Børnich está de acuerdo en que Neo no debe usarse cerca de niños pequeños. Sin embargo, desea poner a prueba la tolerancia de los consumidores hacia lo que él llama “desechos robóticos”: tareas mal ejecutadas. Por ejemplo, durante una manifestación por el Diario de Wall Street En octubre, Neo tardó más de un minuto en recuperar una botella de agua. Aunque Neo tiene un precio de lista de veinte mil dólares, más de diez mil clientes ya han realizado un depósito por uno.

Los clientes son lo que cabría esperar: primeros usuarios adinerados del Área de la Bahía, Los Ángeles y Nueva York. Will DePue, un ex empleado de OpenAI, vive en San Francisco con compañeros de cuarto amantes de la tecnología. “Creo que nuestra casa tiene tres pedidos de robots humanoides”, me dijo. “Es un poco como el nuevo iPhone”. A finales de este año, los trabajadores de la fábrica 1X cerca de Oakland empacarán un Neo en un contenedor que parece un estuche de AirPods de gran tamaño, lo cargarán en la parte trasera de un camión y lo entregarán en la residencia de DePue. “Neo probablemente no será un producto perfectamente pulido, pero al menos es una versión temprana de lo que está por venir”, dijo DePue.

En la sede de 1X, mi guía fue Dar Sleeper, jefe de producto y diseño y segundo al mando informal de Børnich. Sleeper, de veintisiete años, ya ha tenido una carrera memorable. Después de la universidad, se unió a la marca de moda Yeezy y luego pasó al diseño industrial en Tesla. Es decir, su primer jefe fue Kanye West y el segundo fue Elon Musk. Børnich le recordaba a Musk, me dijo Sleeper, si “injertas algo de empatía humana”.

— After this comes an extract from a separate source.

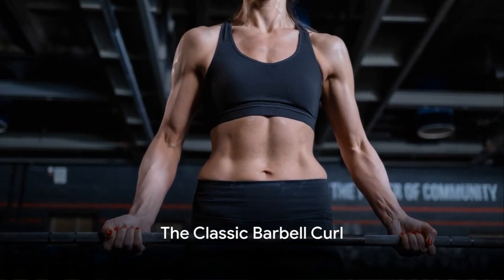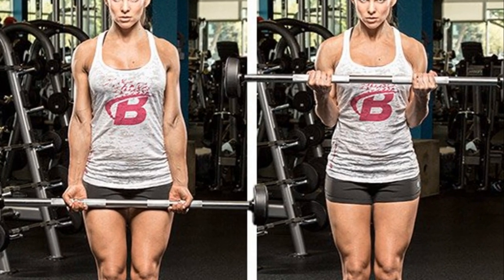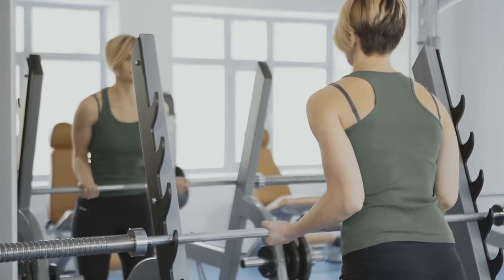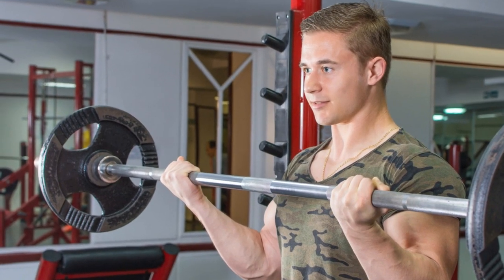First, we're going to tackle the classic barbell curl. With an underhand grip, wrap your fingers around the barbell. Keep those elbows tucked in close to your body. Curl the bar up towards your chest and give those biceps a good squeeze at the top. You'll do this for 3 sets of 10 reps.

En 2024, Børnich le pidió a Sleeper que diseñara un robot que no asustara a los niños. El primer intento de Sleeper fracasó. “Básicamente, cualquier persona menor de cien años tenía miedo”, dijo. (Tenía una cara negra extrañamente suave). Su siguiente versión fue mejor, pero todavía asustaba a los niños menores de doce años. Añadió y eliminó rasgos faciales, experimentó con texturas de la piel y recorrió cientos de configuraciones de cuencas oculares. Finalmente decidió eliminar la mayor cantidad posible de rasgos de Neo y luego cubrirlo con textiles suaves. “Parece que incluso a los niños menores de cinco años les gusta”, dijo Sleeper. “Pero los bebés siempre tienen miedo”.